● **Work request**
Each line of the listing, apart from the pictures, is to be printed exactly.

● **Stored data**
+ + + + +
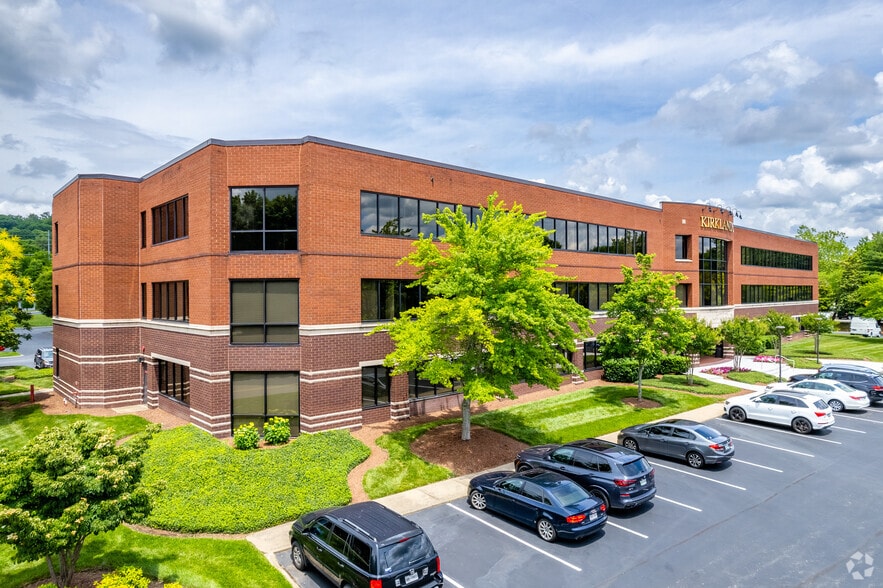5310 Maryland Way, Brentwood, TN à louer - Photo principale – Image 1 sur 9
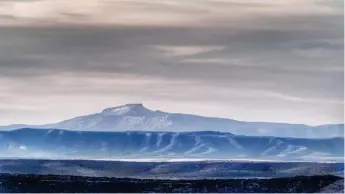  ?? Photo: Roddy Fox ?? Snow on the Winterberg as seen from Mountain Drive in the late afternoon of Monday 12 October.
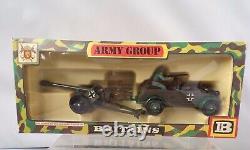 Britains 9788 Army Group Kubelwagen & German Field Gun WW2 Soldiers 1.32 Deetail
+ + + + +
● **Answer for this exercise**
5310 Maryland Way, Brentwood, TN à louer - Photo principale – Image 1 sur 9
  ?? Photo: Roddy Fox ?? Snow on the Winterberg as seen from Mountain Drive in the late afternoon of Monday 12 October.
 Britains 9788 Army Group Kubelwagen & German Field Gun WW2 Soldiers 1.32 Deetail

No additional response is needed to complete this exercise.